Property funds have faced a wave of withdrawals and will have to sell assets to meet redemption requests. Large asset managers and cash-rich private investors are circling, preparing to buy up assets pushed on to the market as a result.
“For the right asset we might step in in the next month,” said Tom Betts, director of structured finance at Topland Group, the investment company set up by property entrepreneurs Sol and Eddie Zakay, which has more than £1bn to spend.
“The pension funds have already started making inquiries to companies they know can perform quickly that don’t need to go and get debt, that they trust you can deliver,” said Betts.
A trustee at Airbus’s UK pension scheme said the fund would be looking to sell most of its property portfolio in the near future — though they insisted the scheme would not dispose of its illiquid holdings at a discount.
The head of real estate at a global investment manager said he was already seeing opportunity from the property fund squeeze and is “looking to buy”. Last week his company bid on a warehouse being sold by a property fund at a substantial discount to its valuation earlier in the year.
Expectations of a downturn across commercial property markets have been building over the year, with rising interest rates and inflation squeezing investors. Goldman Sachs predicts that prices could fall 20 per cent between June 2022 and the end of 2024; other analysts are more bearish.
But according to multiple market participants, there is a gap between buyers and sellers on what constitutes fair value.
“The market is semi-frozen. Investors’ costs are going up and they have to push on price. Sellers can either show you the door or show you their blood,” said the head of real estate at a large private investment group.
Many landlords are choosing to wait until interest rates settle before testing the market.
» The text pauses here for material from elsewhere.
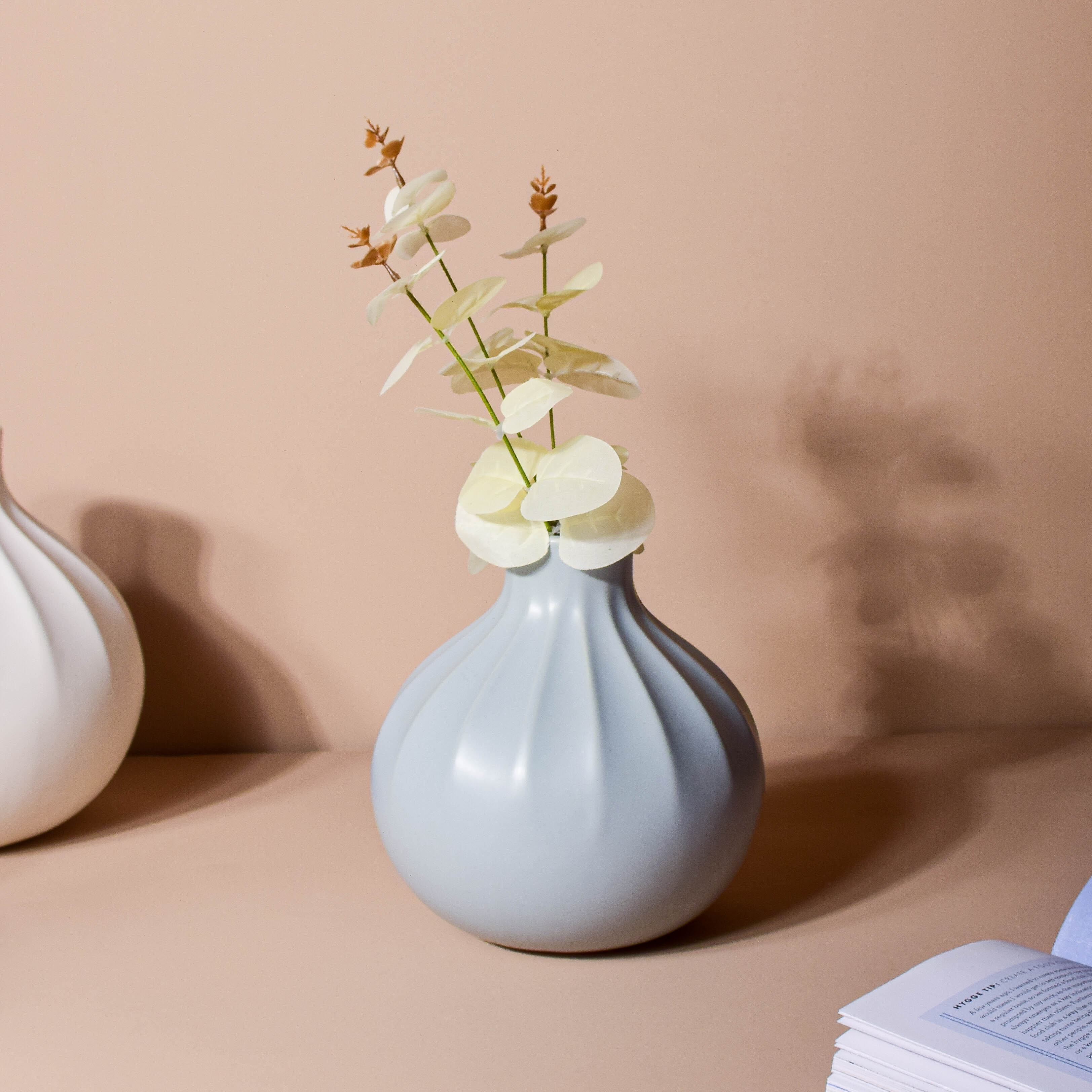 Modern Ribbed Vase - Image 3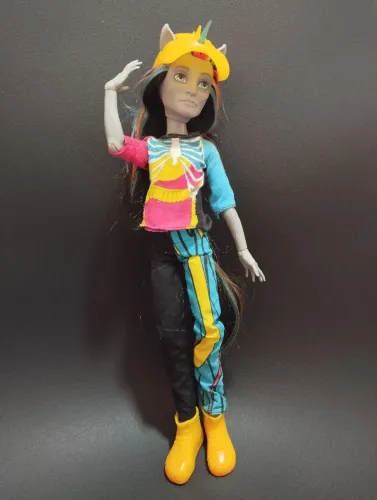 Neighthan Rot Boneco Monster High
But property funds may soon have little choice but to sell assets in order to meet redemption requests, which have stepped up in recent weeks.
The increase in gilt yields since the “mini” Budget has forced pension funds running liability-driven investment strategies to sell off assets, including property fund holdings, in order to meet collateral calls.
Just under £190mn has been pulled from a sample of property funds covered by fund trading provider Calastone since the fiscal statement, with the pace of withdrawals accelerating in the past week.
One UK-based private real estate investor with a multibillion-pound portfolio described property fund managers coming to him with a menu of buildings to buy.
“What the funds do with people they know and trust is give you the list of all their assets and see if you want them,” he said.